I've been seduced by the minimalst on-location approach and pretty much just use speedlights now.

Once you get lights, use them on your outdoor shoots too! It will open a whole new world of possibilities.

www.strobist.com 

*BOOK:* *Minimalist Lighting: Professional Techniques for Location Photography* by Kirk Tuck


----------



## SpeedTrap (Oct 16, 2009)

KmH said:


> I've been seduced by the minimalist on-location approach and pretty much just use speed lights now.



I am sorry to hear that has happened to you..........:er:
I am sure if you look around there has got to be support groups to help you integrate back into normal society, and don't be embarrassed it seems to happen to almost everyone for a while. 
Just be careful when you pick up a real light that you do not accidentally blind yourself.


----------



## KmH (Oct 16, 2009)

SpeedTrap said:


> KmH said:
> 
> 
> > I've been seduced by the minimalist on-location approach and pretty much just use speed lights now.
> ...


Been there, done that, have the t-shirt.....with the 'real light' thing.

I provided a link to the #1 support group for those afflicted with this syndrome.
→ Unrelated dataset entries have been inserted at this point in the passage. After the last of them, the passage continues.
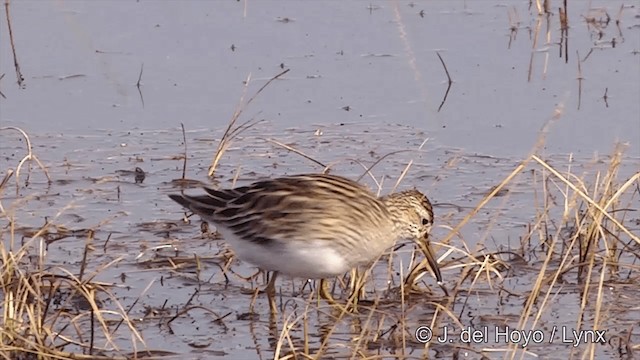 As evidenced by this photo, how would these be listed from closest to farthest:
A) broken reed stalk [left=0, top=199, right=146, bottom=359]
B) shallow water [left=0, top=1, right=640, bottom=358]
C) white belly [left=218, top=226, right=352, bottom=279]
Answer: broken reed stalk [left=0, top=199, right=146, bottom=359] → white belly [left=218, top=226, right=352, bottom=279] → shallow water [left=0, top=1, right=640, bottom=358]

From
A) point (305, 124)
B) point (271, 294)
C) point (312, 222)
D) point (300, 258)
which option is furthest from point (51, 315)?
point (305, 124)

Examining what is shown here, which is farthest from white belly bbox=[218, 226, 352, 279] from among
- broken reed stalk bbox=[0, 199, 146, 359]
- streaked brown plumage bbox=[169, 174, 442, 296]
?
broken reed stalk bbox=[0, 199, 146, 359]

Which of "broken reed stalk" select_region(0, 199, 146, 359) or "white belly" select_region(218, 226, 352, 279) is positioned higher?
"white belly" select_region(218, 226, 352, 279)

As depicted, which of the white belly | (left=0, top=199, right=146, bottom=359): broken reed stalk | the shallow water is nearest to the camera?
(left=0, top=199, right=146, bottom=359): broken reed stalk

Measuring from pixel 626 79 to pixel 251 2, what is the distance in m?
3.21

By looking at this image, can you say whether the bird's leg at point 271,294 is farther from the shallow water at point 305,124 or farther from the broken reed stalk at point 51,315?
the broken reed stalk at point 51,315

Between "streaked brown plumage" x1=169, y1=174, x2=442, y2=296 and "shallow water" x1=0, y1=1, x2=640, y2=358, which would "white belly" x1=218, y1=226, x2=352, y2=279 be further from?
"shallow water" x1=0, y1=1, x2=640, y2=358

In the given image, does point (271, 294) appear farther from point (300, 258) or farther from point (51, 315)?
point (51, 315)

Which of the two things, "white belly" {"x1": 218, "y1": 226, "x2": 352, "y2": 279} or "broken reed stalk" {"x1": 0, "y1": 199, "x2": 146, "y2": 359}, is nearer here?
"broken reed stalk" {"x1": 0, "y1": 199, "x2": 146, "y2": 359}

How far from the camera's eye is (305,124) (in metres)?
10.6

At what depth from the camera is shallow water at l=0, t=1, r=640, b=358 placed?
7.86 metres

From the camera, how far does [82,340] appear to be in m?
7.14

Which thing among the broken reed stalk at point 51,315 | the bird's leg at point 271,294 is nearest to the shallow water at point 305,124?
the bird's leg at point 271,294

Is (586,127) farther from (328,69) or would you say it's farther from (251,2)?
(251,2)
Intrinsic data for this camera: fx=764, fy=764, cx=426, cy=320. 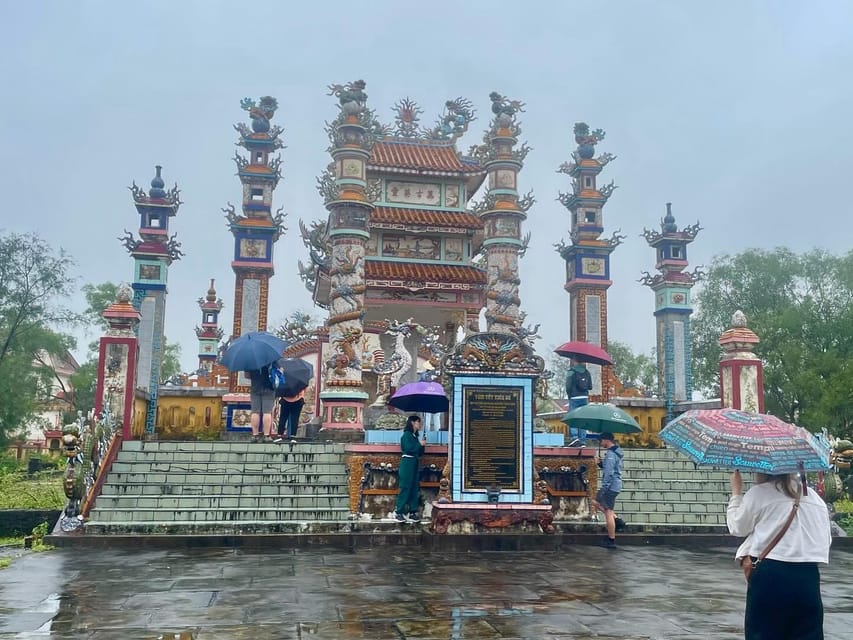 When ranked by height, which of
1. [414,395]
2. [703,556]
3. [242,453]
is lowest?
[703,556]

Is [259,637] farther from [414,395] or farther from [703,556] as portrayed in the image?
[414,395]

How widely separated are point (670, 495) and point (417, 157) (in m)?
14.7

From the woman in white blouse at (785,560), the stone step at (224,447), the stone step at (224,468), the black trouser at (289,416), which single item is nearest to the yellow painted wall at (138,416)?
the stone step at (224,447)

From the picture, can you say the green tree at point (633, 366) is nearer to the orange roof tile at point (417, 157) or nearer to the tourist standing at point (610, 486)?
the orange roof tile at point (417, 157)

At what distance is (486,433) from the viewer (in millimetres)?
11398

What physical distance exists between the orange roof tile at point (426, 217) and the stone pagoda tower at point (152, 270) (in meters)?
6.72

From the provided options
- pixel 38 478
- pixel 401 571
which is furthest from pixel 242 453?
pixel 38 478

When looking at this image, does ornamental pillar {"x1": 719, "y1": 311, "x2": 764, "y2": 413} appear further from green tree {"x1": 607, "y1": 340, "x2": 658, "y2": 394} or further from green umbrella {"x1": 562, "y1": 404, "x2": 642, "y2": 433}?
green tree {"x1": 607, "y1": 340, "x2": 658, "y2": 394}

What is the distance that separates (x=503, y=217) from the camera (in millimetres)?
21375

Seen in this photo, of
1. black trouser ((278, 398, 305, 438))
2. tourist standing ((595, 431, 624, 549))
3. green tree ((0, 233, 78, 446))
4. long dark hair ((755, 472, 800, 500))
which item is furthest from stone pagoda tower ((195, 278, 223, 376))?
long dark hair ((755, 472, 800, 500))

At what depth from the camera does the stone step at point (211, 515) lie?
36.4ft

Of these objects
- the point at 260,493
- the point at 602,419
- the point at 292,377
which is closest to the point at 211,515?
the point at 260,493

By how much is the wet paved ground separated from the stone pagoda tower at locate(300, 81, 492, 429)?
410 inches

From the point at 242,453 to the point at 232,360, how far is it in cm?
163
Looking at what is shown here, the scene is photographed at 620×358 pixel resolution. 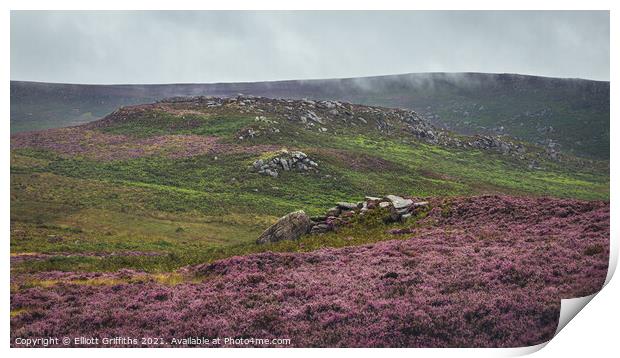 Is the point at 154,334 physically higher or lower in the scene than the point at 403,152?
lower

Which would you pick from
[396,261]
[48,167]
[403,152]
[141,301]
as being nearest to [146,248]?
[141,301]

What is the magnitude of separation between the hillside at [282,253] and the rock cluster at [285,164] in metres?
0.22

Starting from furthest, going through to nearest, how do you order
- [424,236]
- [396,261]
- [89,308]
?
[424,236]
[396,261]
[89,308]

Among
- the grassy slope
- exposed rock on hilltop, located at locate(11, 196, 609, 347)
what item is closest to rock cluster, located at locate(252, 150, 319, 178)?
the grassy slope

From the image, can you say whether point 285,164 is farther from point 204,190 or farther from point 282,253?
point 282,253

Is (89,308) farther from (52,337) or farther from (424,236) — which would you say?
(424,236)

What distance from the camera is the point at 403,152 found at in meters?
73.9

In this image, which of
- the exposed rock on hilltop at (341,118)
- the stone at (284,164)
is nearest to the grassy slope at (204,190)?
the stone at (284,164)

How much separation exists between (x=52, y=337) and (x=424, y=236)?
15.6 m

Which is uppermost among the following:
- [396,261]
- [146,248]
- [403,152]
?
[403,152]

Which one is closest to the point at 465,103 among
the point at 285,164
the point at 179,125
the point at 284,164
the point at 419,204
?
the point at 179,125

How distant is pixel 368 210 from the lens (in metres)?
25.2

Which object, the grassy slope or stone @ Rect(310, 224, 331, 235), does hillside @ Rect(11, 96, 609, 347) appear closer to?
stone @ Rect(310, 224, 331, 235)

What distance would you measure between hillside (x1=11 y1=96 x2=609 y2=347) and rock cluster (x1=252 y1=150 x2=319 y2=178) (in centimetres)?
22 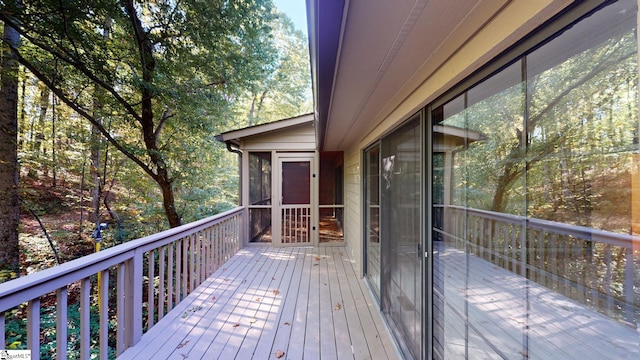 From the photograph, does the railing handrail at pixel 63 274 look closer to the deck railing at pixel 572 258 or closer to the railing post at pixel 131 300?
the railing post at pixel 131 300

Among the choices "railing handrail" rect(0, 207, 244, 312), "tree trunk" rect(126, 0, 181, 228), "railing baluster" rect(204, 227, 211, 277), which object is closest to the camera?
"railing handrail" rect(0, 207, 244, 312)

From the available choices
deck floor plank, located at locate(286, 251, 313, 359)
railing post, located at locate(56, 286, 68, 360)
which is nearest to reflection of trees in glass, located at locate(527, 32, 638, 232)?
deck floor plank, located at locate(286, 251, 313, 359)

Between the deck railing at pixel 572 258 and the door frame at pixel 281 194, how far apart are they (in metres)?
4.29

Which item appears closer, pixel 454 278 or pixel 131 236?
pixel 454 278

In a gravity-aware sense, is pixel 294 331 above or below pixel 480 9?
below

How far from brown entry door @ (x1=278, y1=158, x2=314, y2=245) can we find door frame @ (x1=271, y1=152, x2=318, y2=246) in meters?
0.02

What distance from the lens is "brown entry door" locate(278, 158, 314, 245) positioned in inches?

My minimialist approach actually costs me more $$$ in total equipment and set-up time because I need more lights, stands, modifiers, radio triggers, types of clamps, etc. It's kind of a gearhead dream world. :thumbup:

But, I find it way more fun and creative and, use spur of the moment or home made modifiers made from things like cereal boxes, cardboard or just cinefoil. I go through more gaffers tape too.


----------